## What is expected
Please give the lines below again exactly as they stand, from the one that contains "Vanities - vanitiesdepot.com" up to and including the one that contains "1pcs Tea strainer", leaving all pictures out.

## Entries supplied
---+---

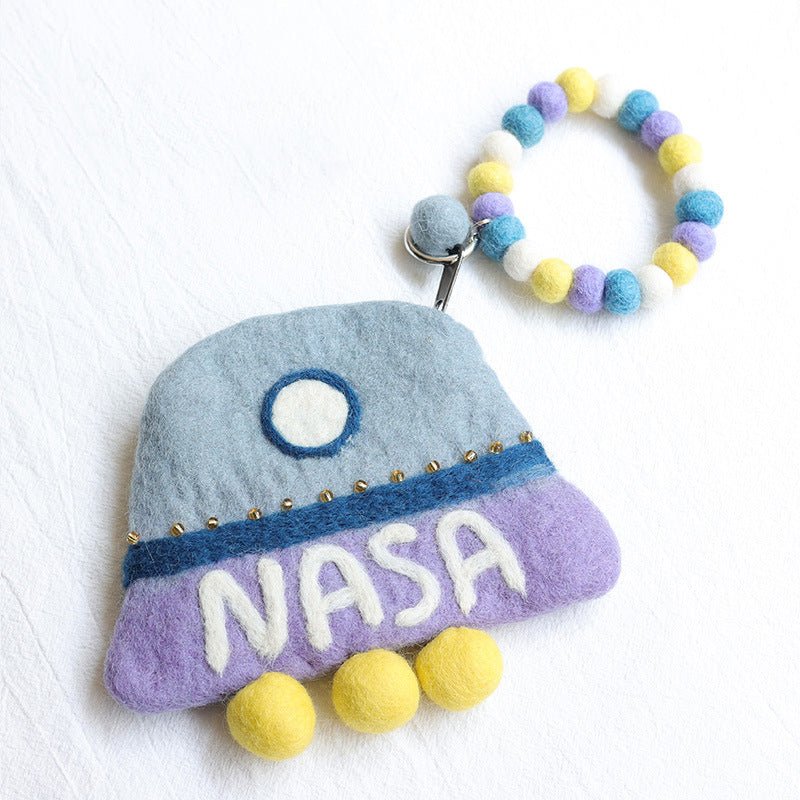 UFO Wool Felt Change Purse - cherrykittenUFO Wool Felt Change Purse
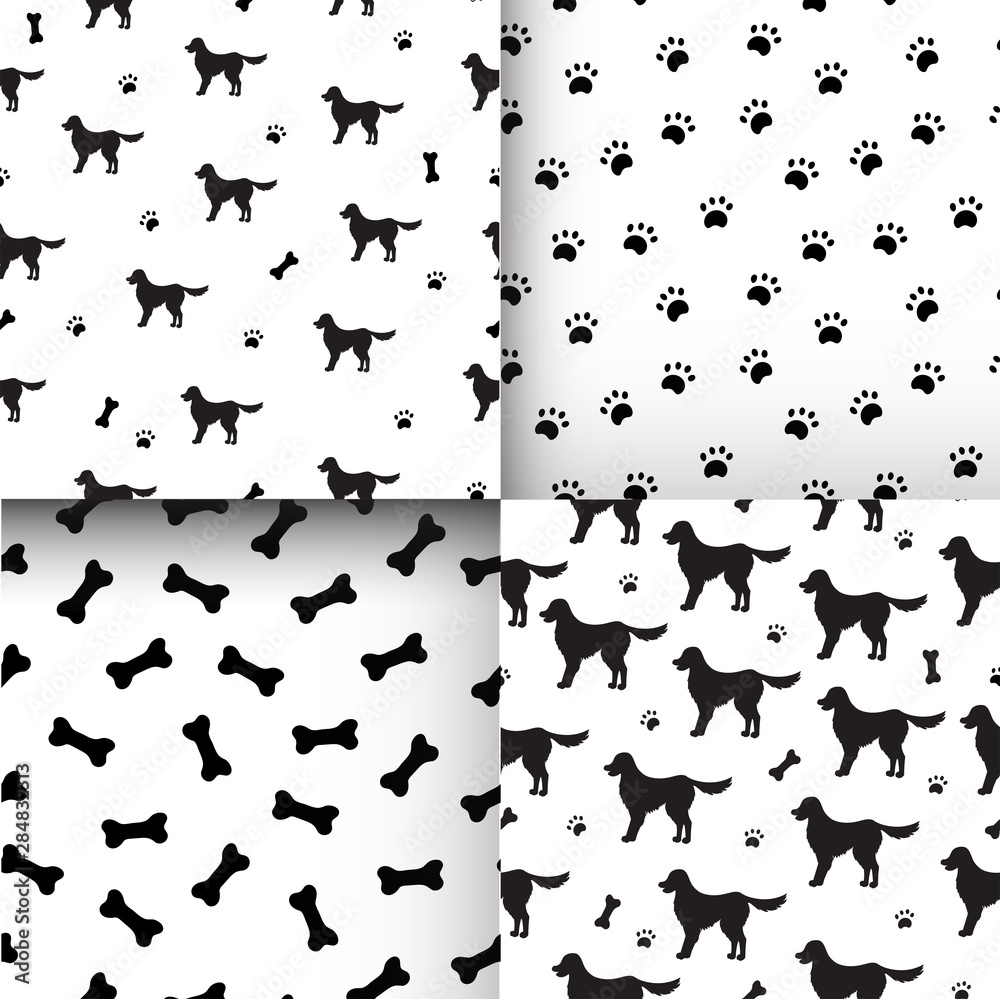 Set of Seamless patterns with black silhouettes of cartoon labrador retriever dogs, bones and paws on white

---+---

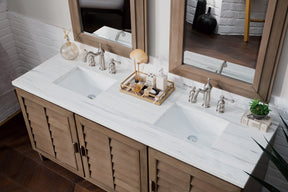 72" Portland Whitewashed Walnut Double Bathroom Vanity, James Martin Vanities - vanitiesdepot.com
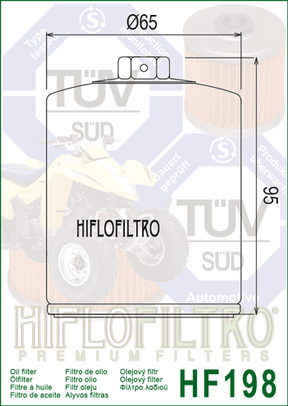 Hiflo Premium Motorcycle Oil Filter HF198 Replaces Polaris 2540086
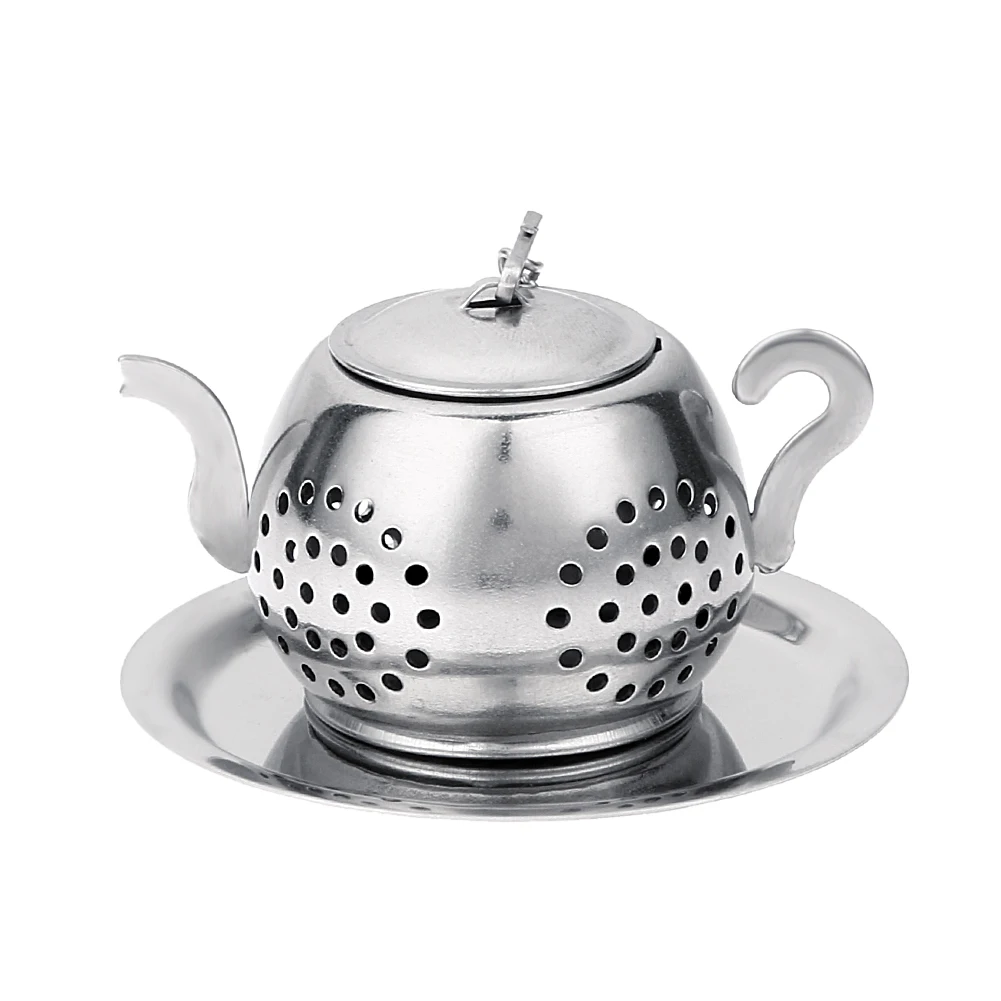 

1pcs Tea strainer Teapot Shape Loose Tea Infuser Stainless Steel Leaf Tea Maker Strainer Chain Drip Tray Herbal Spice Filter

---+---

## The completed task
 72" Portland Whitewashed Walnut Double Bathroom Vanity, James Martin Vanities - vanitiesdepot.com
 Hiflo Premium Motorcycle Oil Filter HF198 Replaces Polaris 2540086

1pcs Tea strainer Teapot Shape Loose Tea Infuser Stainless Steel Leaf Tea Maker Strainer Chain Drip Tray Herbal Spice Filter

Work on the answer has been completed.